Avant d’entamer la construction du monument, l’archevêché de Reims s’est assuré de la concession du terrain. Sorte de promontoire, offrant un grandiose point de vue sur la vallée de la Marne et quelques ruines du château de la famille des Châtillon, choisi parce qu’Urbain II y serait né2. En 1877, la propriétaire, Melle Berthe Symonet, répond favorablement à l’appel. Quelques années auparavant, sa sœur Mathilde Symonet et son époux, le comte de Verdonnet, héritiers du château de Villers-sous-Châtillon, avaient offert à l’archevêque de Reims ce qui restait de l’ancien prieuré de Binson et des terres au pied de la colline de Châtillon.
Au cours d’une cérémonie solennelle, la première pierre du futur monument est posée par Mgr Langénieux, le 3 août 1879. Le maire de Châtillon-sur-Marne, M. Licourt, assiste à la cérémonie, mais il n’est pas suivi par tout son conseil municipal dont une partie est hostile à l’Eglise catholique. Le docteur Ange Rémy dans son Histoire de Châtillon-sur Marne affirme que dès l’automne 1879, les fondations sont déjà réalisées. Toutefois, le décret du Président de la République, qui autorise la construction du monument, ne date que du 29 avril 1880.
En janvier 1881, la somme rassemblée par la souscription lancée en 1876 ne suffit pas pour poursuivre les travaux, il faut élargir le champ de la collecte. Des conseils généraux ont été sollicités, plusieurs ont répondu positivement en versant une petite somme. Celui de la Marne accorde 200 francs en octobre 18813. Des quêtes ont été faites à l’issue des offices religieux, dont les vêpres pontificales du 27 janvier 1882. En avril suivant, dans le Journal de la Marne est publiée la liste des 197 premières souscriptions, affichant un montant total de 42 676 francs. Faute de place, le journal ne donne que quelques noms, celui du pape figurant en tête4. Des nouvelles souscriptions sont de suite lancées, dans le diocèse de Reims et bien d’autres. Le Courrier de la Champagne publie les noms des principaux souscripteurs, appartenant à la noblesse ou au clergé catholique.

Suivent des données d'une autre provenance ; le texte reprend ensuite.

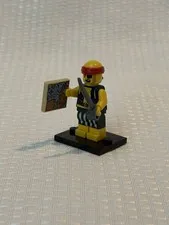 LEGO Series 16 Scallywag Pirate Minifigure # 71013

Les promoteurs du monument d’Urbain II présentent sa construction comme une cause nationale, décrivant le pape des croisades et de la Trêve de Dieu comme un défenseur des libertés ecclésiastiques contre les « Césars allemands », un bienfaiteur du peuple, un héros français attaché à sa terre natale. Le 11 mai 1882, devant l’Assemblée des catholiques à Paris, le vicaire général de Reims avance que le coût du monument s’élèvera à près à 100 000 francs. Oscar Havard affirme dans La semaine de la famille, en septembre 1887, qu’il « ne fut pas difficile de grouper la somme nécessaire au financement ». Toujours selon cet auteur, le coût total du monument s’élèverait à 150 000 francs, la plus grande partie de cette somme aurait été « fournie par d’humbles gens du peuple, des vignerons et des ouvriers champenois ».
LA REALISATION

Edouard Deperthes, né en 1833 à Houldicourt dans les Ardennes et décédé à Reims en 1898, qui s’est illustré, entre autres, dans la réalisation des travaux de l’hôtel de ville de Paris, a été choisi comme architecte du monument. Ce professeur à l’Ecole des beaux-arts a été successivement inspecteur des travaux de la ville de Reims, architecte en chef de la ville de Brest, inspecteur des travaux de la ville de Paris. M. Deperthes a exposé ses plans et reliefs du monument d’Urbain II lors du concours régional de Reims de 1876, à l’exposition des Beaux-Arts. Son projet a été également exposé à Paris, le 1er mai 1876, au Palais des Champs Elysées. L’esquisse de la statue a été conçue par le sculpteur Louis Auguste Roubaud dit le jeune5 et l’exécution de la partie architecturale par Henri Félix Wendling6. Le modèle de la statue par Roubaud a été présenté aux Salons de 1883 et 1884 et a reparu à l’Exposition universelle de 1889. Les matériaux retenus pour la construction du monument sont la pierre de Kersanton destinée à la statue et le granit de Laber7 destiné au piédestal à base quadrangulaire.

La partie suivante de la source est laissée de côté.